6 thoughts on “The Fetus and Child Protect ion Act: Progressives fight back Rove-style

  1. I’ve been thinking about writing a blog on abortion but wasn’t sure it fit with Seeing the Forest. This is off the top of my head, but the whole issue is a manufactured lie. Abortion wasn’t illegal in this country until 1879. That’s important and very few people seem to be aware of this. Abortion wasn’t considered immoral or made illegal to protect the “unborn” but because doctors resented the power and skills of midwives, who traditionally looked after women’s reproductive health, including childbirth, contraception, and abortion. Don’t think for a minute that there weren’t safe and effective methods of both contraception and abortion; these were available since antiquity.
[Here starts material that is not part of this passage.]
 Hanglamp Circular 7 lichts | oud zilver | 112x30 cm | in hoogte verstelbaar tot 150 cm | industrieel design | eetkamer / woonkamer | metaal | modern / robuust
    The church had sanctioned abortion and contraception since antiquity. There was no concept that the soul inhabited the body from conception. Various dates were proposed through the centuries for when the soul entered the body, but the concern was making sure that any live, soulful babies likely to die in childbirth got baptized so their souls wouldn’t end up in limbo. There was no ban on either contraception or abortion until the church began to suffer a drastic loss of membership; the point was originally practical, not moral.
    The anti-abortion movement has always been political, not moral.

  2. thanks MJ, especially for mentioning the Roman Catholic Church’s changing attitude towards the ‘unborn’!
    And thanks for the post, Patrick!